Top of DATA SHOWN

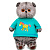 Мягкая игрушка Кот Басик в лонгсливе с лошадкой Budi Basa Ks25-295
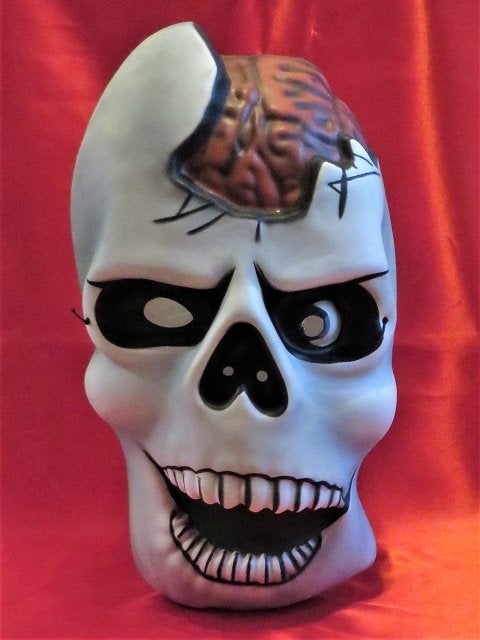 Te koop aangeboden: Masker doodskop wit, , Ophalen of Verzenden, Nieuw, Feestartikel, Halloween of Griezel
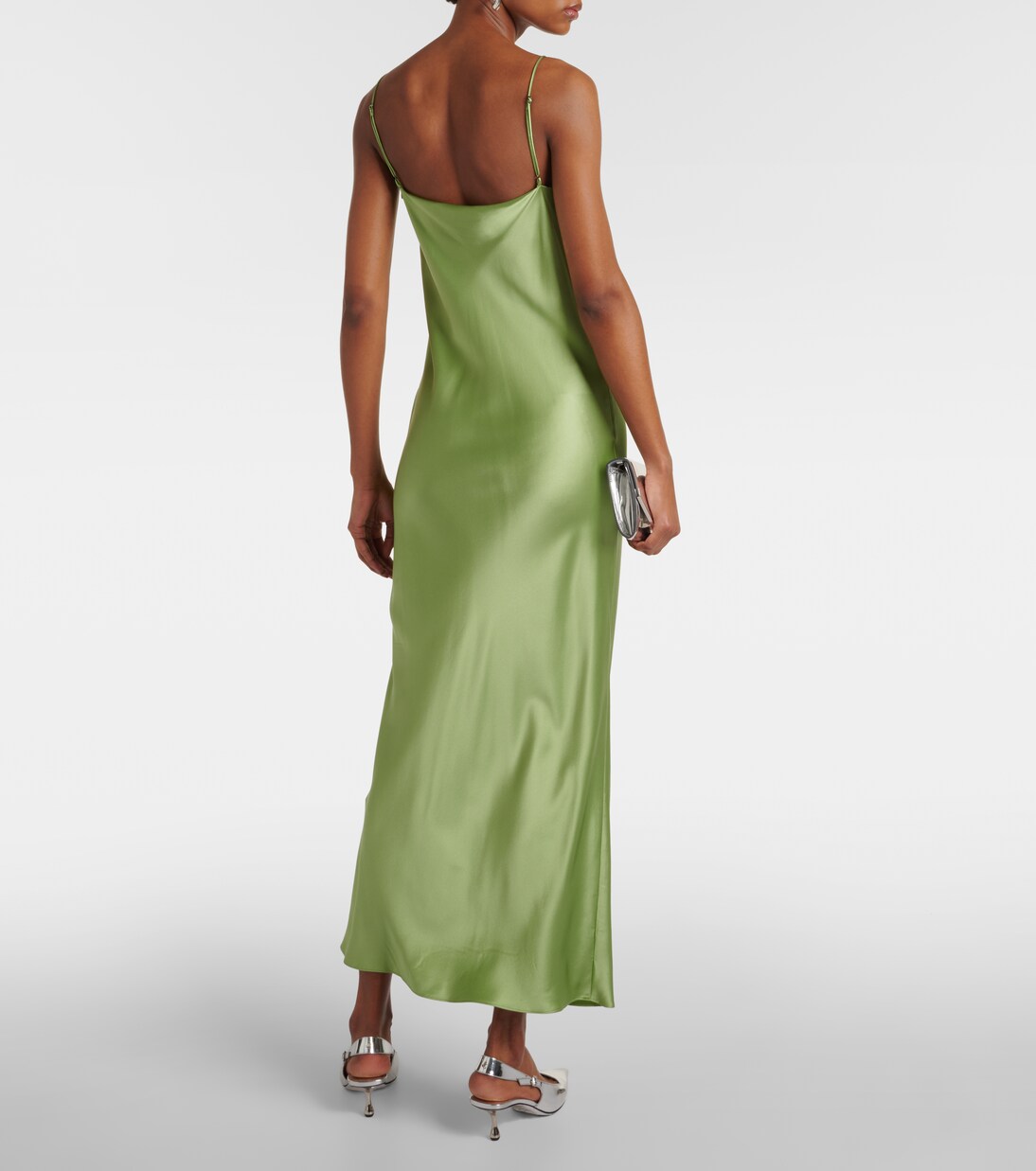 Shiny Statement silk charmeuse maxi dress | Dorothee Schumacher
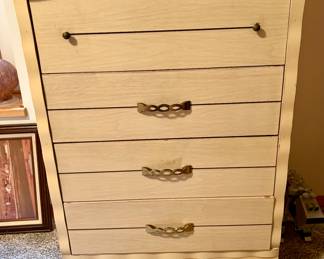 Matching MCM chest of drawers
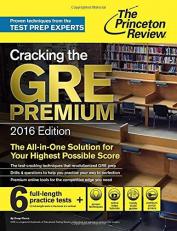 Cracking the GRE Premium 2016 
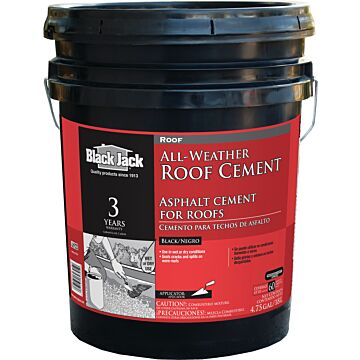 Black Jack All-Weather Roof Cement - 5 Gallon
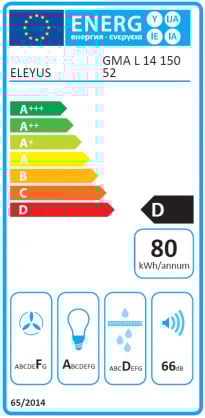 Вытяжка Eleyus GMA L 14 150 52 IS нерж.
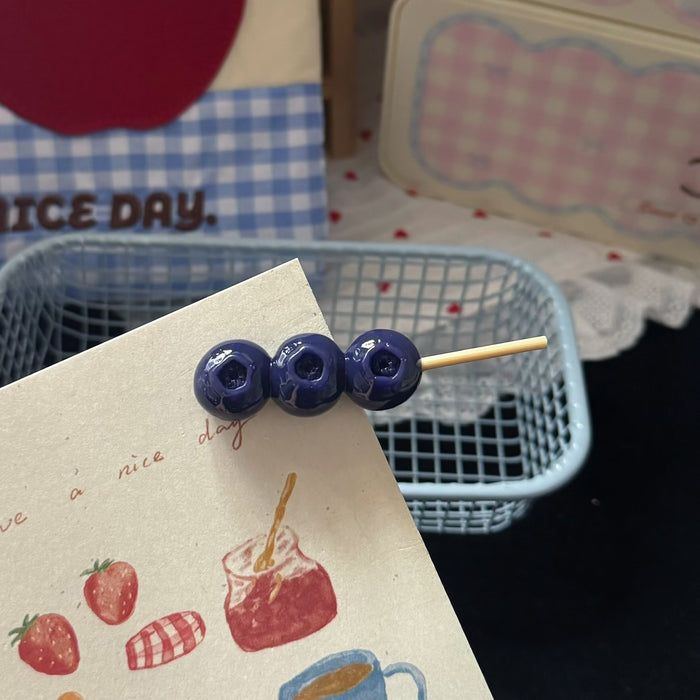Wholesale Cute Strawberry Candy Fruit Hair Clip Duckbill Resin Hair Accessory For Everyday Styling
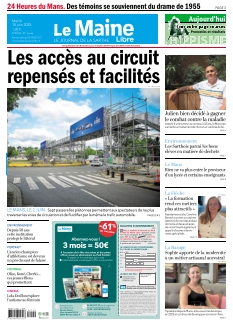 cover Le Maine Libre - Le Journal de La Sarthe n°20250610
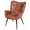 Brown flannel, variant on Modern Upholstered Dining Chair – Solidified Wood Legs, Supportive Backrest, Versatile Accent Leisure Chair for Kitchen, Dining Room, Living Room, Restaurant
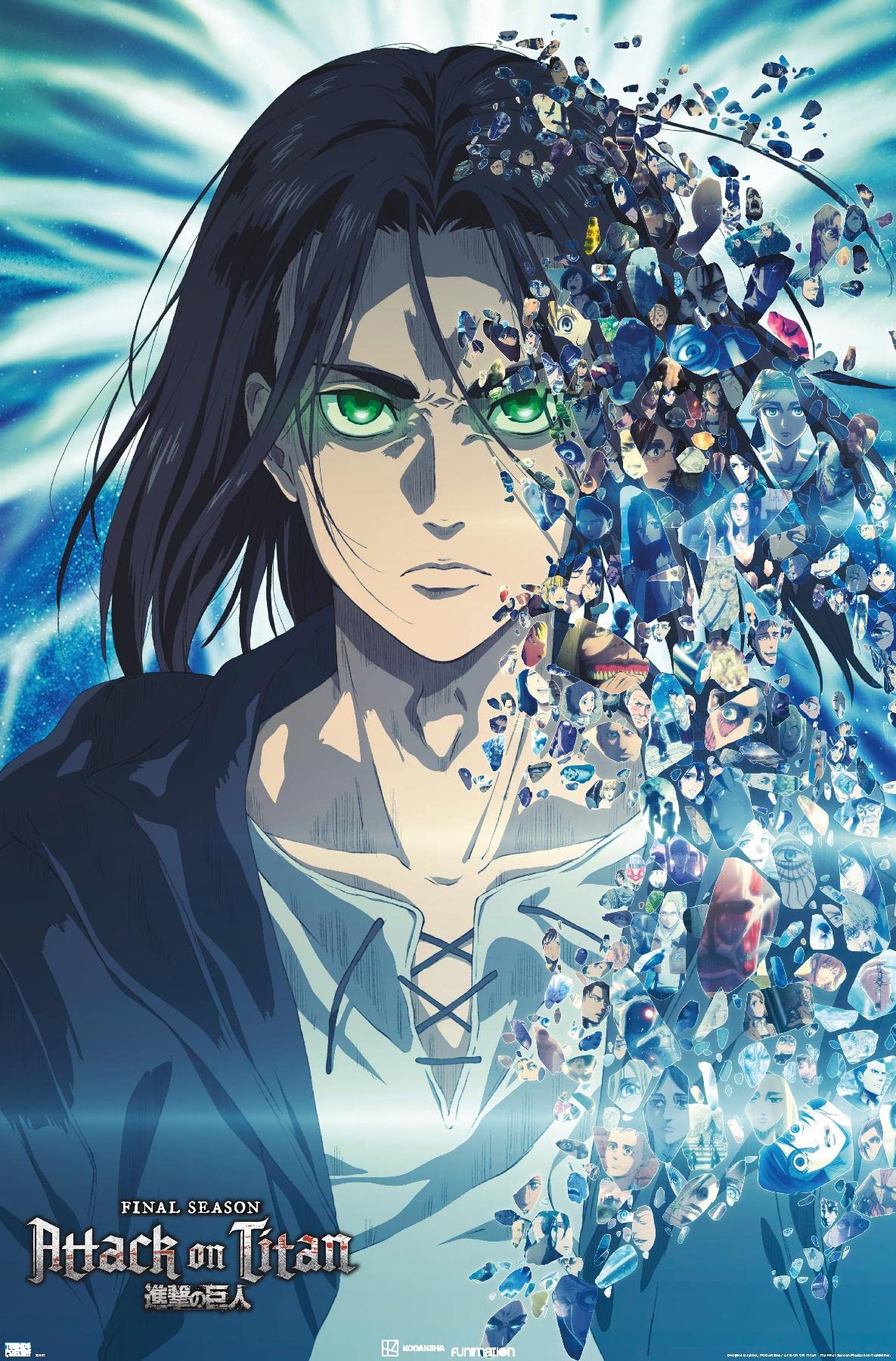 Trends International Attack on Titan: The Final Season - Fragments Wall Poster, 14.725" x 22.375", Premium Unframed Version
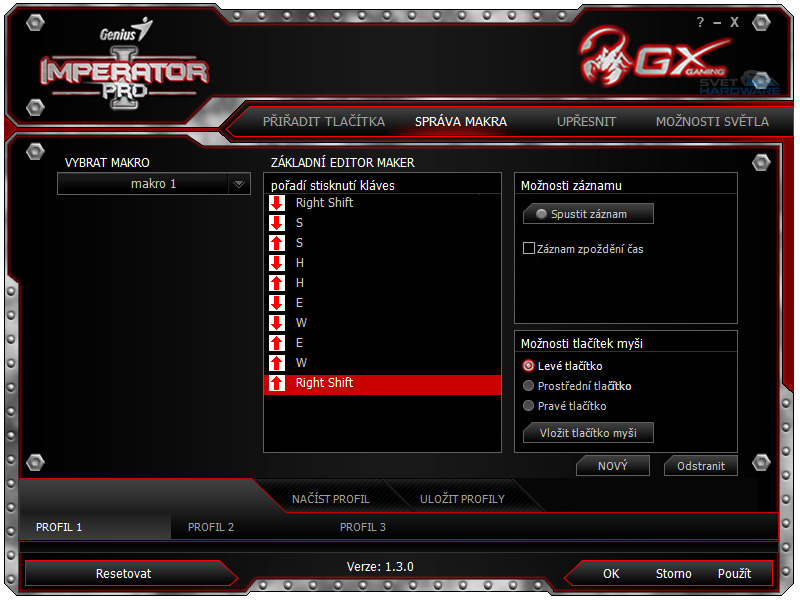 Genius Imperator Pro: podsvícená herní prvotina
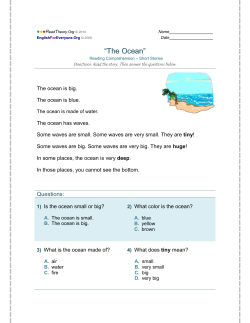 The Ocean - English for Everyone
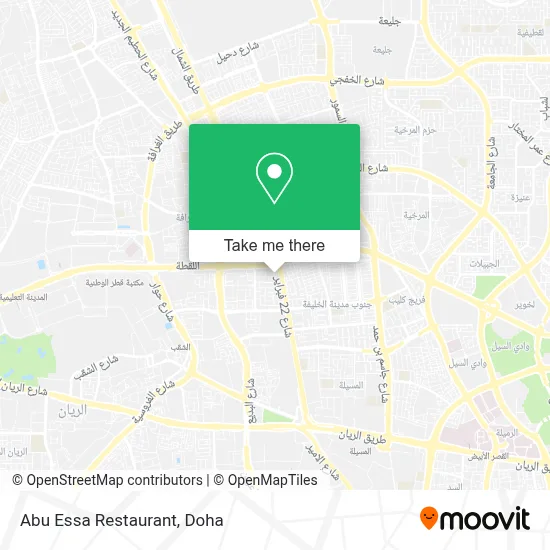 Abu Essa Restaurant map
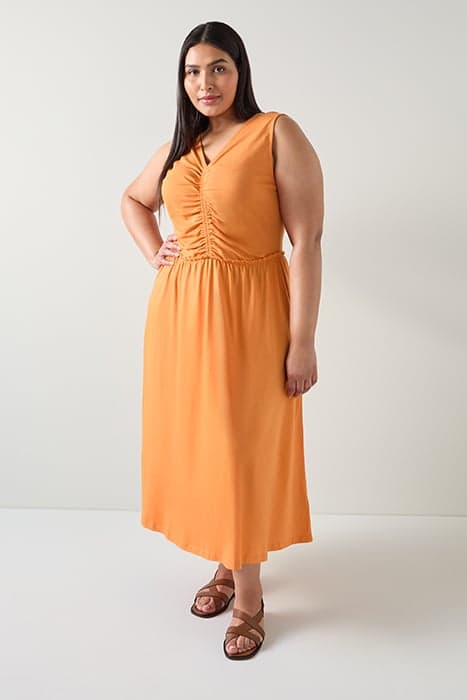 DR CLAUD MIDI JERSEY DRES BURNT ORANGE by LK Bennett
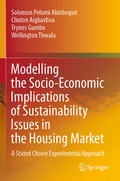 Cover: Modelling the Socio-Economic Implications of Sustainability Issues in the Housing Market - Springer
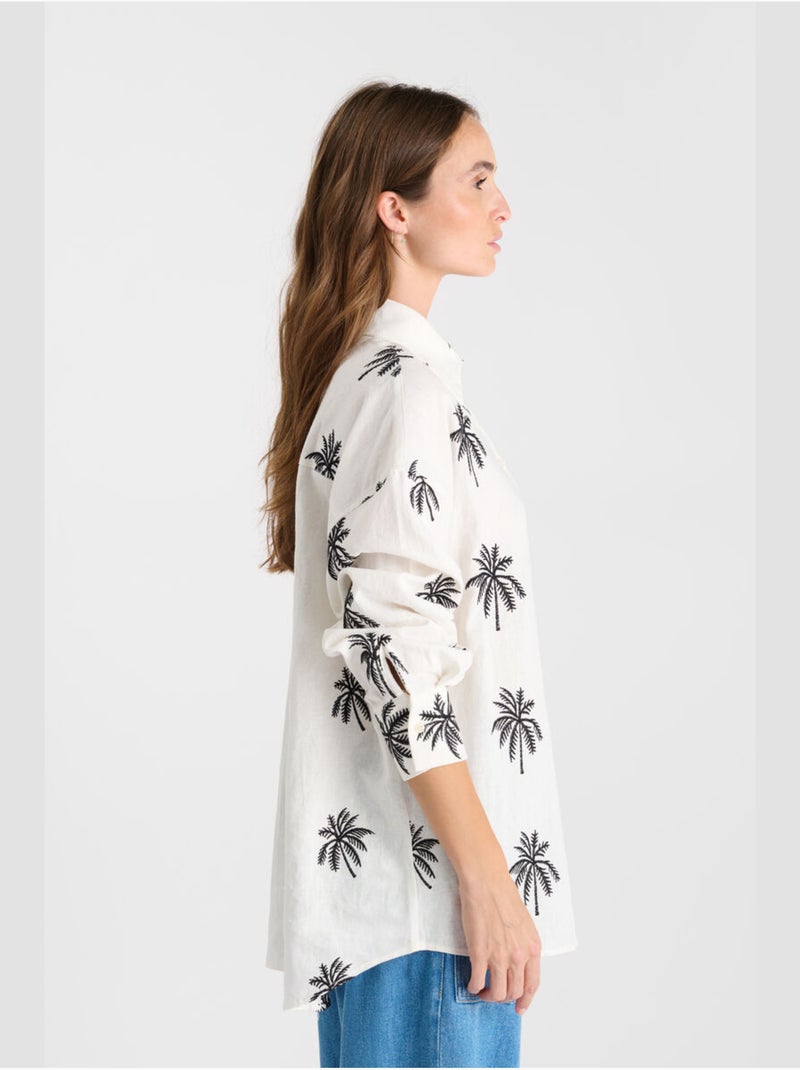 Camisa guapa Blanco - Kiabi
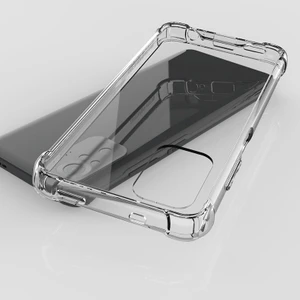 Xiaomi Redmi Note 10 / Note 10S Uyumlu Şeffaf Silikon Kılıf Darbe Önleyici Köşe ve Kamera Korumalı Yüksek Koruma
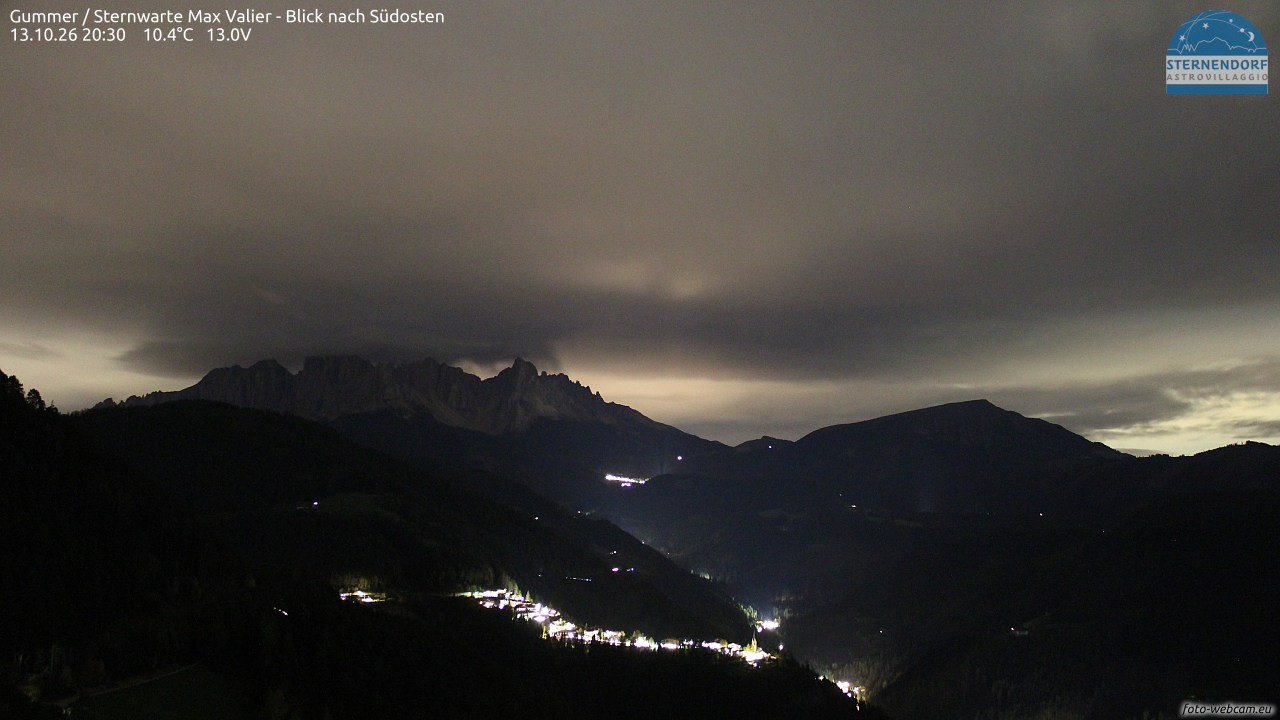 Archiv Foto Webcam Gummer - Sternwarte Max Valier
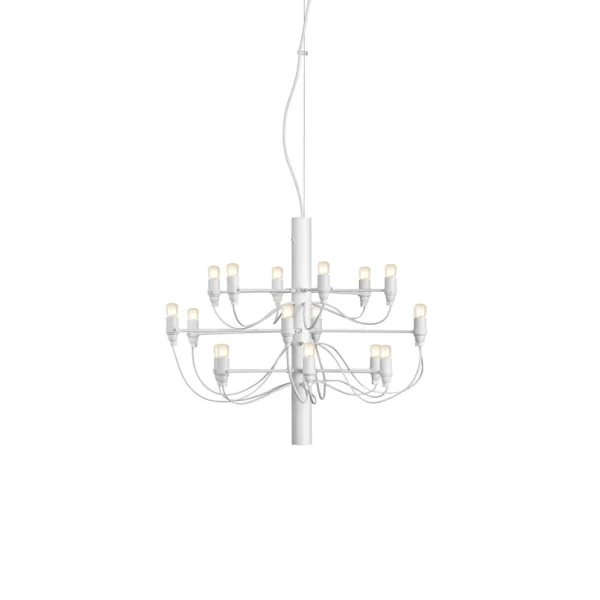 FLOS - 2097/18 C Suspension w/Frosted Bulbs Matte White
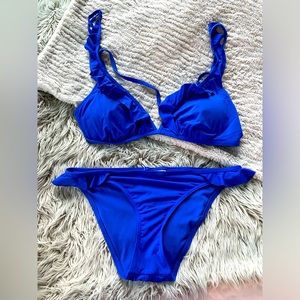 Tropik Royal Blue Two Piece Set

Bottom of DATA SHOWN

◆ **WHAT THE TASK ASKS**
Retype exactly the lines from the line containing "Вытяжка Eleyus GMA L 14 150 52 IS нерж." through the end of the entries above, including both ends, and leave every picture out.

◆ **ANSWER BOX**
 Вытяжка Eleyus GMA L 14 150 52 IS нерж.
Wholesale Cute Strawberry Candy Fruit Hair Clip Duckbill Resin Hair Accessory For Everyday Styling
 cover Le Maine Libre - Le Journal de La Sarthe n°20250610
 Brown flannel, variant on Modern Upholstered Dining Chair – Solidified Wood Legs, Supportive Backrest, Versatile Accent Leisure Chair for Kitchen, Dining Room, Living Room, Restaurant
 Trends International Attack on Titan: The Final Season - Fragments Wall Poster, 14.725" x 22.375", Premium Unframed Version
 Genius Imperator Pro: podsvícená herní prvotina
 The Ocean - English for Everyone
 Abu Essa Restaurant map
 DR CLAUD MIDI JERSEY DRES BURNT ORANGE by LK Bennett
 Cover: Modelling the Socio-Economic Implications of Sustainability Issues in the Housing Market - Springer
 Camisa guapa Blanco - Kiabi
 Xiaomi Redmi Note 10 / Note 10S Uyumlu Şeffaf Silikon Kılıf Darbe Önleyici Köşe ve Kamera Korumalı Yüksek Koruma
 Archiv Foto Webcam Gummer - Sternwarte Max Valier
 FLOS - 2097/18 C Suspension w/Frosted Bulbs Matte White
 Tropik Royal Blue Two Piece Set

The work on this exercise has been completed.